■ TASK DESCRIPTION:
Return the listing word for word, as given.

·····

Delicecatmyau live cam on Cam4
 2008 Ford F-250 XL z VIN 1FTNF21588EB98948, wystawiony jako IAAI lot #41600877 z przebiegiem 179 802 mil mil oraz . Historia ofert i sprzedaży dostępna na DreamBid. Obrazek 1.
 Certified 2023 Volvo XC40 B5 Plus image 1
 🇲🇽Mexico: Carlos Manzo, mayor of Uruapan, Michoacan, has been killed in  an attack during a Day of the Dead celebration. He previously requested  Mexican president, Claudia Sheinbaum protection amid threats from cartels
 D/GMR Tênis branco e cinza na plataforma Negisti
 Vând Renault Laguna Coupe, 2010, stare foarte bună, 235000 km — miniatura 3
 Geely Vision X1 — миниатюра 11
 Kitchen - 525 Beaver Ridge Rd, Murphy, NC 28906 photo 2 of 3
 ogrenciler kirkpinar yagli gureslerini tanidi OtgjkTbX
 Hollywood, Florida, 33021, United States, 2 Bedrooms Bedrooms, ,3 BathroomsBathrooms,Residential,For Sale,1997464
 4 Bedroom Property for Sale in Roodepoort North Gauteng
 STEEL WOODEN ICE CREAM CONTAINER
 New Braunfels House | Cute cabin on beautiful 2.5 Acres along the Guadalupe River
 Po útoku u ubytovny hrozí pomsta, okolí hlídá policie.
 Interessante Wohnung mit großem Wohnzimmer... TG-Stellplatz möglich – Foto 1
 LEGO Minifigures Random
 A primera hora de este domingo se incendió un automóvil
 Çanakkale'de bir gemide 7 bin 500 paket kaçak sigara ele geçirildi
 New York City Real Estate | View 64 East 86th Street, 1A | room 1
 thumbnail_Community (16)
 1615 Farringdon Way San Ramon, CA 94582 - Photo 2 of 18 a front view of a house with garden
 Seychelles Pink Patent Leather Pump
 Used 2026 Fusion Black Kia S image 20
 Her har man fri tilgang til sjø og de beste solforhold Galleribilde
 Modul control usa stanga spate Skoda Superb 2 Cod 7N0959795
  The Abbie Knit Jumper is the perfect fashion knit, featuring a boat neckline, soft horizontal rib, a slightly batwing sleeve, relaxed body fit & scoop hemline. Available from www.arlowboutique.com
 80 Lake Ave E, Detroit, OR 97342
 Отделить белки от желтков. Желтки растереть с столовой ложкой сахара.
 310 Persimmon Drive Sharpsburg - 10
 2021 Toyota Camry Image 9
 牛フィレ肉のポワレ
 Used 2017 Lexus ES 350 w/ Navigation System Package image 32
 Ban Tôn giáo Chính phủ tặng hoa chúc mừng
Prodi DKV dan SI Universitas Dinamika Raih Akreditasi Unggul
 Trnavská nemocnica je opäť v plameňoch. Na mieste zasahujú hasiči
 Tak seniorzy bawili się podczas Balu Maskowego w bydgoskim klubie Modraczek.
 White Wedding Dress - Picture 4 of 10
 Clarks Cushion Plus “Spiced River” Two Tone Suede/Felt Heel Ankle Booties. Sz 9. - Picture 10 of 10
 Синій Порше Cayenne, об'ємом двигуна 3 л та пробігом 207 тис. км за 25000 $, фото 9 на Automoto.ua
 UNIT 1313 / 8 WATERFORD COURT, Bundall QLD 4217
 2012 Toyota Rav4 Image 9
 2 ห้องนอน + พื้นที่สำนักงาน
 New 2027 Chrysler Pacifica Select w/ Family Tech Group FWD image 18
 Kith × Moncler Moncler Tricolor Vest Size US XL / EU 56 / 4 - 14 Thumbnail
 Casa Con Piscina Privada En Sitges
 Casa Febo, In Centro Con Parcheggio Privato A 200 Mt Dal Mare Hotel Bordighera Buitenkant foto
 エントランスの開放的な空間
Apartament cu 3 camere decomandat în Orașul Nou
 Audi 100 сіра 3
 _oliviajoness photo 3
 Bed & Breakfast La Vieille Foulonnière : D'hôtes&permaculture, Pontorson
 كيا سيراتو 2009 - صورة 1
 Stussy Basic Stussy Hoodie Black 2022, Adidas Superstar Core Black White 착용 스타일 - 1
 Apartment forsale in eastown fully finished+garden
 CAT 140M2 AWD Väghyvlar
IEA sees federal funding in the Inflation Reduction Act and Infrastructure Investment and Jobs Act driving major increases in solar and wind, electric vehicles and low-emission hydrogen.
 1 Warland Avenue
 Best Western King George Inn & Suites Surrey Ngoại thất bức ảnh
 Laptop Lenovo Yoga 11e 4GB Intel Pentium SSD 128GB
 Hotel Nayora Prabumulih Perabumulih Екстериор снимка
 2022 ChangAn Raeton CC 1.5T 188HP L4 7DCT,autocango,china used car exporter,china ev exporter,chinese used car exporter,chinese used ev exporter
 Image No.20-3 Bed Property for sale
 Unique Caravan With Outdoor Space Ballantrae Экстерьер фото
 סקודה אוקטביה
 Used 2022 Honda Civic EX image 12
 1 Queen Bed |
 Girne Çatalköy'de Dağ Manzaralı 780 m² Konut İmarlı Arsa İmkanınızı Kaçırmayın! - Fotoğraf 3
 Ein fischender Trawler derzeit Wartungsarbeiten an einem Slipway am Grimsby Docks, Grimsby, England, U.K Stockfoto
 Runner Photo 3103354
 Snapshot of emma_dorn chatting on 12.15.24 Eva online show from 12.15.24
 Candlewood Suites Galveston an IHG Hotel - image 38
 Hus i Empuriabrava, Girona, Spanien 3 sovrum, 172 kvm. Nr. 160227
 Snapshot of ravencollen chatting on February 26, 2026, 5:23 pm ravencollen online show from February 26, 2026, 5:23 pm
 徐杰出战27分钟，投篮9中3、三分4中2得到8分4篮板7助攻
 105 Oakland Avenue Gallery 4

·····

■ SOLUTION:
Delicecatmyau live cam on Cam4
 2008 Ford F-250 XL z VIN 1FTNF21588EB98948, wystawiony jako IAAI lot #41600877 z przebiegiem 179 802 mil mil oraz . Historia ofert i sprzedaży dostępna na DreamBid. Obrazek 1.
 Certified 2023 Volvo XC40 B5 Plus image 1
 🇲🇽Mexico: Carlos Manzo, mayor of Uruapan, Michoacan, has been killed in  an attack during a Day of the Dead celebration. He previously requested  Mexican president, Claudia Sheinbaum protection amid threats from cartels
 D/GMR Tênis branco e cinza na plataforma Negisti
 Vând Renault Laguna Coupe, 2010, stare foarte bună, 235000 km — miniatura 3
 Geely Vision X1 — миниатюра 11
 Kitchen - 525 Beaver Ridge Rd, Murphy, NC 28906 photo 2 of 3
 ogrenciler kirkpinar yagli gureslerini tanidi OtgjkTbX
 Hollywood, Florida, 33021, United States, 2 Bedrooms Bedrooms, ,3 BathroomsBathrooms,Residential,For Sale,1997464
 4 Bedroom Property for Sale in Roodepoort North Gauteng
 STEEL WOODEN ICE CREAM CONTAINER
 New Braunfels House | Cute cabin on beautiful 2.5 Acres along the Guadalupe River
 Po útoku u ubytovny hrozí pomsta, okolí hlídá policie.
 Interessante Wohnung mit großem Wohnzimmer... TG-Stellplatz möglich – Foto 1
 LEGO Minifigures Random
 A primera hora de este domingo se incendió un automóvil
 Çanakkale'de bir gemide 7 bin 500 paket kaçak sigara ele geçirildi
 New York City Real Estate | View 64 East 86th Street, 1A | room 1
 thumbnail_Community (16)
 1615 Farringdon Way San Ramon, CA 94582 - Photo 2 of 18 a front view of a house with garden
 Seychelles Pink Patent Leather Pump
 Used 2026 Fusion Black Kia S image 20
 Her har man fri tilgang til sjø og de beste solforhold Galleribilde
 Modul control usa stanga spate Skoda Superb 2 Cod 7N0959795
  The Abbie Knit Jumper is the perfect fashion knit, featuring a boat neckline, soft horizontal rib, a slightly batwing sleeve, relaxed body fit & scoop hemline. Available from www.arlowboutique.com
 80 Lake Ave E, Detroit, OR 97342
 Отделить белки от желтков. Желтки растереть с столовой ложкой сахара.
 310 Persimmon Drive Sharpsburg - 10
 2021 Toyota Camry Image 9
 牛フィレ肉のポワレ
 Used 2017 Lexus ES 350 w/ Navigation System Package image 32
 Ban Tôn giáo Chính phủ tặng hoa chúc mừng
Prodi DKV dan SI Universitas Dinamika Raih Akreditasi Unggul
 Trnavská nemocnica je opäť v plameňoch. Na mieste zasahujú hasiči
 Tak seniorzy bawili się podczas Balu Maskowego w bydgoskim klubie Modraczek.
 White Wedding Dress - Picture 4 of 10
 Clarks Cushion Plus “Spiced River” Two Tone Suede/Felt Heel Ankle Booties. Sz 9. - Picture 10 of 10
 Синій Порше Cayenne, об'ємом двигуна 3 л та пробігом 207 тис. км за 25000 $, фото 9 на Automoto.ua
 UNIT 1313 / 8 WATERFORD COURT, Bundall QLD 4217
 2012 Toyota Rav4 Image 9
 2 ห้องนอน + พื้นที่สำนักงาน
 New 2027 Chrysler Pacifica Select w/ Family Tech Group FWD image 18
 Kith × Moncler Moncler Tricolor Vest Size US XL / EU 56 / 4 - 14 Thumbnail
 Casa Con Piscina Privada En Sitges
 Casa Febo, In Centro Con Parcheggio Privato A 200 Mt Dal Mare Hotel Bordighera Buitenkant foto
 エントランスの開放的な空間
Apartament cu 3 camere decomandat în Orașul Nou
 Audi 100 сіра 3
 _oliviajoness photo 3
 Bed & Breakfast La Vieille Foulonnière : D'hôtes&permaculture, Pontorson
 كيا سيراتو 2009 - صورة 1
 Stussy Basic Stussy Hoodie Black 2022, Adidas Superstar Core Black White 착용 스타일 - 1
 Apartment forsale in eastown fully finished+garden
 CAT 140M2 AWD Väghyvlar
IEA sees federal funding in the Inflation Reduction Act and Infrastructure Investment and Jobs Act driving major increases in solar and wind, electric vehicles and low-emission hydrogen.
 1 Warland Avenue
 Best Western King George Inn & Suites Surrey Ngoại thất bức ảnh
 Laptop Lenovo Yoga 11e 4GB Intel Pentium SSD 128GB
 Hotel Nayora Prabumulih Perabumulih Екстериор снимка
 2022 ChangAn Raeton CC 1.5T 188HP L4 7DCT,autocango,china used car exporter,china ev exporter,chinese used car exporter,chinese used ev exporter
 Image No.20-3 Bed Property for sale
 Unique Caravan With Outdoor Space Ballantrae Экстерьер фото
 סקודה אוקטביה
 Used 2022 Honda Civic EX image 12
 1 Queen Bed |
 Girne Çatalköy'de Dağ Manzaralı 780 m² Konut İmarlı Arsa İmkanınızı Kaçırmayın! - Fotoğraf 3
 Ein fischender Trawler derzeit Wartungsarbeiten an einem Slipway am Grimsby Docks, Grimsby, England, U.K Stockfoto
 Runner Photo 3103354
 Snapshot of emma_dorn chatting on 12.15.24 Eva online show from 12.15.24
 Candlewood Suites Galveston an IHG Hotel - image 38
 Hus i Empuriabrava, Girona, Spanien 3 sovrum, 172 kvm. Nr. 160227
 Snapshot of ravencollen chatting on February 26, 2026, 5:23 pm ravencollen online show from February 26, 2026, 5:23 pm
 徐杰出战27分钟，投篮9中3、三分4中2得到8分4篮板7助攻
 105 Oakland Avenue Gallery 4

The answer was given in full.